Très jeune, je me suis sentie concernée par la question de la protection animale. A commencé un cheminement, accompagné de nombreux questionnements, par rapport aux mouvements que j’ai pu croiser. Défendre le bien-être animal, est-ce défendre l’individu ou l’écosystème ? Que penser de l’idée de modifier génétiquement des prédateurs pour les empêcher de blesser et tuer d’autres animaux ? Faut-il devenir flexitarienne, végétarienne ou végane ? Faut-il militer pour l’abolition de l’élevage, ou agir pour améliorer les conditions de vie des animaux ?
Par Delphes Dubray, membre de Nature & Progrès
Je suis née dans les années cinquante dans un village qui comptait alors une dizaine de fermes. Celle de mes parents comptait environ cinquante hectares plus une vingtaine de vaches, des cochons, des poules et deux juments de trait. Quand j’étais placée sur son dos, le collier d’épaule de la jument Lisa m’arrivait devant les yeux. Ces paisibles chevaux ont rapidement fait place aux premiers tracteurs et à la mécanisation de l’agriculture qui valut, quelques années plus tard, à mon père de trouver la mort sur la route en allant prendre livraison d’une moissonneuse-batteuse.

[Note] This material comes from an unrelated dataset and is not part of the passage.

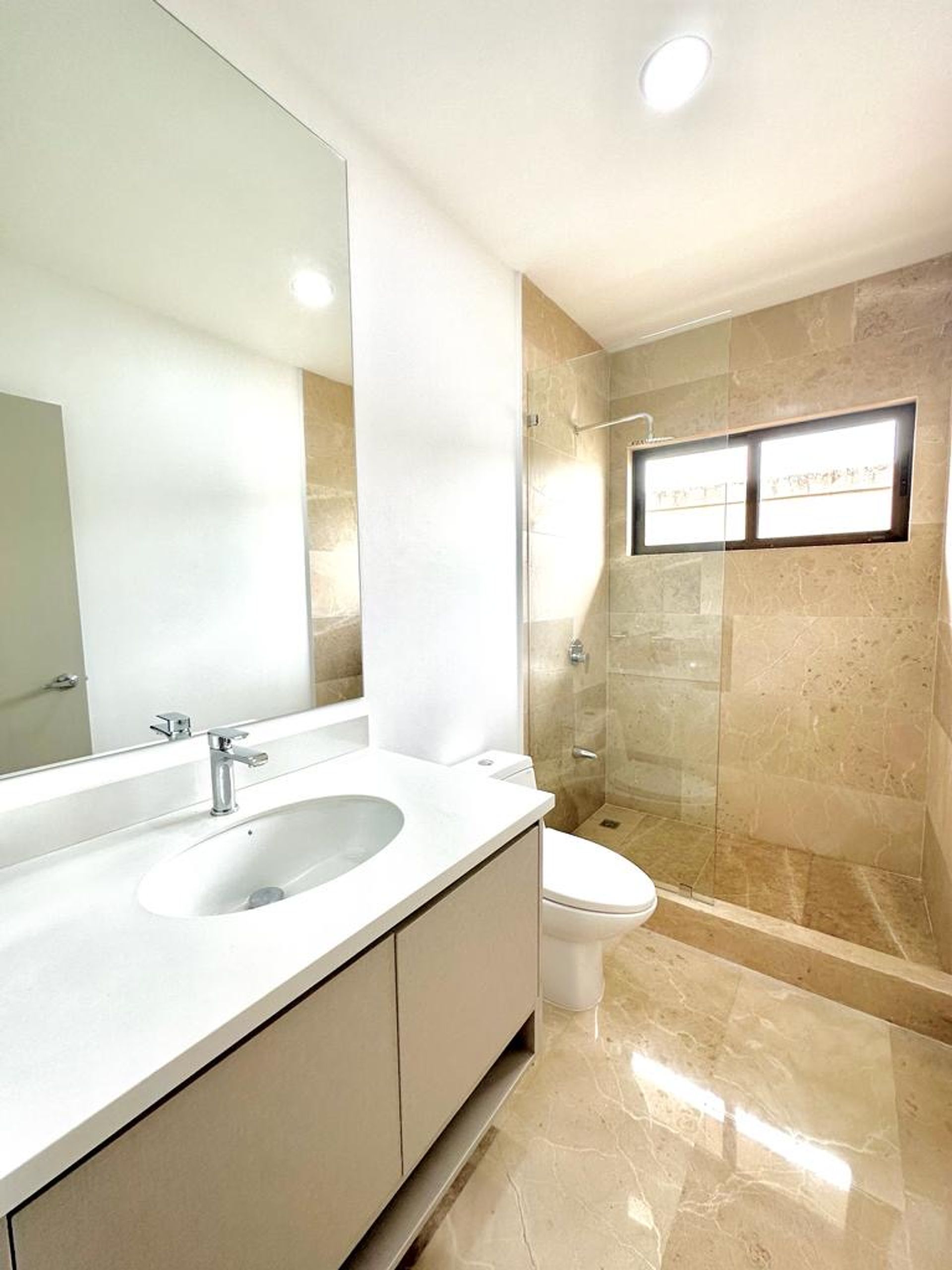 8d6c3ad0-24b1-4d0f-9446-589f4c2d4be8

Ce qui m’a amenée au bien-être animal
A cette époque, le bien-être animal était une notion dont on ne parlait pas encore. Les animaux étaient visibles dans les champs ou dans les étables. Le contrôle social était tel que chacun se devait de savoir qui se comportait correctement, ou pas, avec les animaux qu’il « possédait ». Mon père était connu comme bienveillant à l’égard de tous : humains, animaux (ou du moins, je veux le croire). Cependant, je le vis pratiquer des actes devenus inconcevables à l’époque actuelle, comme trancher la gorge d’une vache accidentée avec un couteau de cuisine « pour ne pas perdre la viande », et d’autres actes que je n’oserais même pas décrire aujourd’hui, tant ils sont éloignés de la sensibilité qui a cours actuellement.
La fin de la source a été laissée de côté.